Nevşehir'de bir süredir mevsim normallerinin üzerinde seyreden hava sıcaklığı insanları iyice bunaltmıştı.
Ancak dün (18 Temmuz Cuma) akşam saatlerinde yağan, eskilerin deyimi ile "deste yağmuru" Nevşehir’de hem insanların hem de doğanın rahat bir nefes almasını sağladı.
Yaklaşık 15-20 dakika süren yağmur toprağa ancak bir parmak kadar işledi ama hava sıcaklığını hızla düşürerek, bunaltıcı Temmuz akşamında adeta bir can suyu serinliği etkisi gösterdi.
Peki "Deste Yağmuru" deyimi nereden geliyor?
Bilindiği üzere Orta Anadolu'da buğday, arpa, çavdar, yulaf gibi ekin genellikle Temmuz ayında olgunlaşır ve biçilmeye uygun hale gelir. İşte bu hasat mevsimine halk arasında "ırgatlık" ve "harman-hasat zamanı" denir.

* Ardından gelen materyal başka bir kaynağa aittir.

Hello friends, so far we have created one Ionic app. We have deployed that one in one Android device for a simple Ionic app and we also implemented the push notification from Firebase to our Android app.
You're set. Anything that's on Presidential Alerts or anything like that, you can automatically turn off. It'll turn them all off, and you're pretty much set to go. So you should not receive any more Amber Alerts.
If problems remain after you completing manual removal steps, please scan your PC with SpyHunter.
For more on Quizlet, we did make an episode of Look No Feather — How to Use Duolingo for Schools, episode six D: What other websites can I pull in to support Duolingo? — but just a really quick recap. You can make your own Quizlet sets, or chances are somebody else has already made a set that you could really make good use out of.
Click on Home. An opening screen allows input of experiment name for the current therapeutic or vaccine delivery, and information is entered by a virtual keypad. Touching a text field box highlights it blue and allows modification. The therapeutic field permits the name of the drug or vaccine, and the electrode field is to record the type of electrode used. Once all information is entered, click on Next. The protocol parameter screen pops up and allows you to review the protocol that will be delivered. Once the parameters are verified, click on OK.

Eskiden tarladaki bu mahsul orak ya da tırpanla biçilerek, önce "deste" haline getirilir, sonra da desteler birleştirilerek "yığın" kurulurdu. İşte bu dönemde destelerin üzerine yağan yağmura da "Deste Yağmuru" denir.

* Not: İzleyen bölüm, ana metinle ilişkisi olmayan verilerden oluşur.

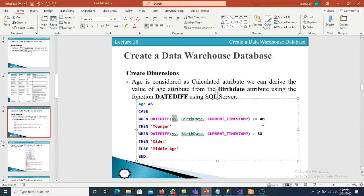Next is the date dimension table. We are having the date key, full date, month number, calendar quarter, and calendar year, with date key as the primary key. Let me recreate the product dimension — product dimension is created. For the date dimension, we have to take data from only one source table, which is the date dimension table.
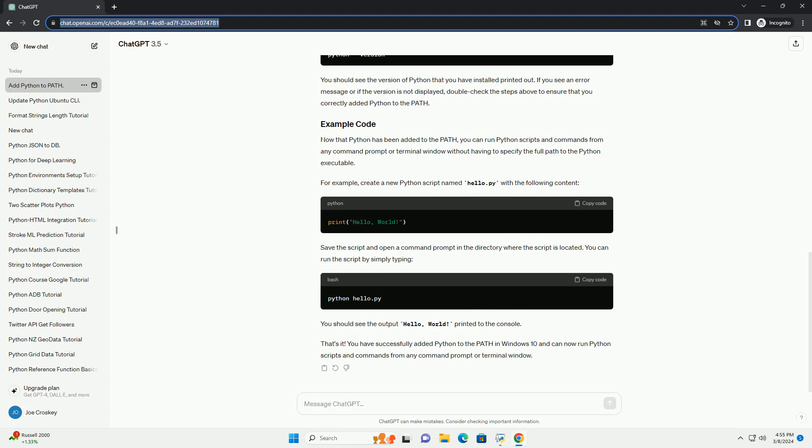Open file explorer and navigate to the directory where Python is installed. The default installation directory is usually C:\Python version, where version is the version number of Python you installed, example C:\Python39. Copy the path to the Python installation directory.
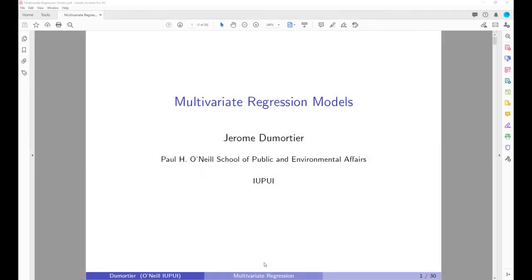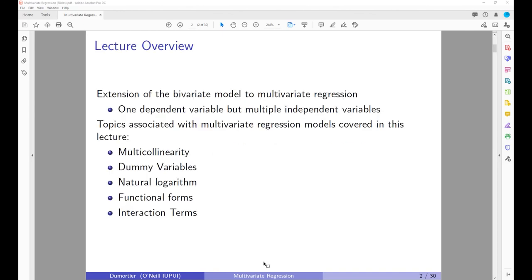Hello everyone. The topic of today's lecture is multivariate regression models. Multivariate regression models are an extension of what we covered last time when we talked about bivariate regression models. In the bivariate case we had one independent variable and one dependent variable. In multivariate regression we have one dependent variable but multiple independent variables. Topics covered today include multicollinearity, dummy variables, natural logarithms, functional forms, and interaction terms — all concepts related to multivariate regression.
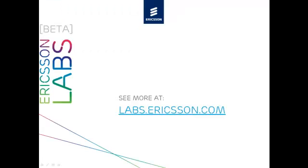For more information, see the Identity Management Framework page at labs.ericsson.com. Thanks for watching.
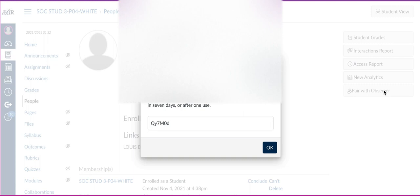So if those students are not able to do that, as a teacher you are able to generate the code and share it with the parent. Just remember, these codes only last seven days. After seven days, you would have to regenerate the code.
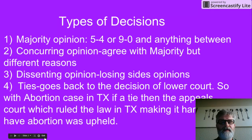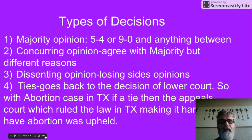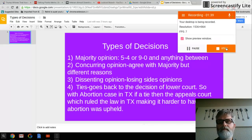The dissenting opinion is the losing opinion, and those are important because sometimes judges will use a dissenting opinion as reasoning for a future case. For example, Justice Scalia was quoted in his dissenting opinion in an old case on gay rights, and that was used in future cases. So there are reasons to look at that type of decision as well.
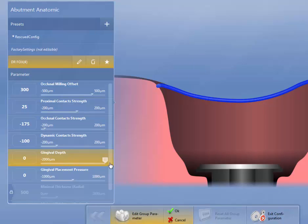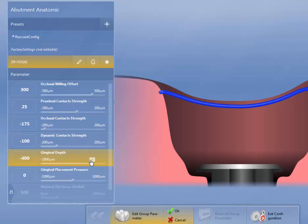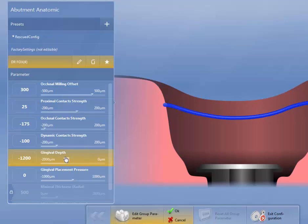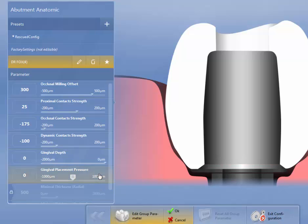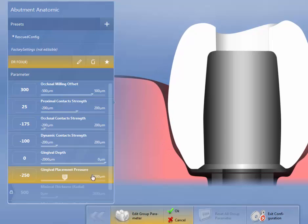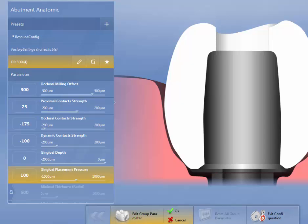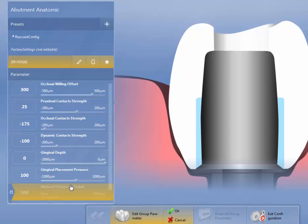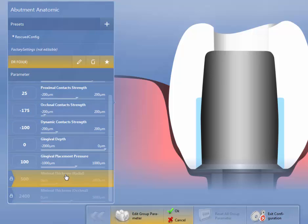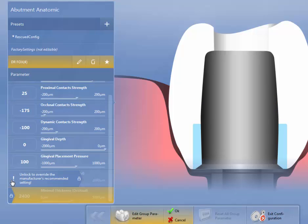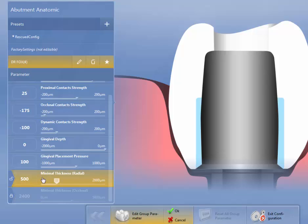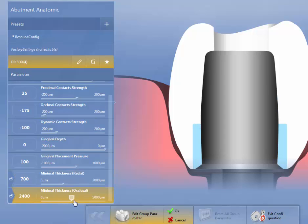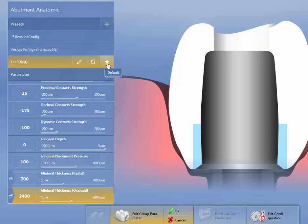Gingival depth is how far below the gingival tissues do I want this to go. And this is when we go to split these at a later time. You'll see that. I normally leave mine at zero. Gingival placement pressure, how much pressure do we want on gingival tissues? And I personally put in 100. And this just helps prevent food from getting trapped. Minimal thickness for radial and minimal thickness occlusal, you can see it's got a lock. So I'm going to unlock this to override it. Minimal thickness radial. Minimal thickness occlusal, 500 is the optimum. So I'm going to go about 600, 700. And then minimal thickness occlusal, manufacturer's default is 2400. So this is what's recommended by Ivaclar. I'm going to then hit the default button, and then hit OK.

Deste Yağmuru yağınca ırgatlar (tarım işçileri) ekin işlemeye ara verir, güneş çıkınca, ıslanan desteleri çürümemesi için hafiften açarak tekrar kurumasını sağlarlardı. Çünkü nemli sap düvenle sürülemez. İşte bu nedenlerle Temmuz ayında, ekinler işlenirken yağan yağmura, tarladaki ekin destelerinin üzerine yağdığı için "Deste Yağmuru" denilmektedir.
Tarımda makinalaşmaya geçilince, özellikle de biçerdöver sayesinde, eskiden en az iki ay süren ekini biçme, taşıma, sürme, savurma, eleme işlemi birkaç saatte yapılır hale geldi. Bu nedenle de eski tarım kültürümüzdeki harman-hasat, ırgatlık, azıkçı, orak, tırpan, ennik, deste, yığın, sap, anadut, sal, düven, tınas, yaba, çeş gibi kelimelerin yanı sıra "Deste Yağmuru" deyimi de unutulmaya yüz tuttu...
Herkese Temmuz sıcağında, deste yağmuru serinliğinde güzel günler diliyorum.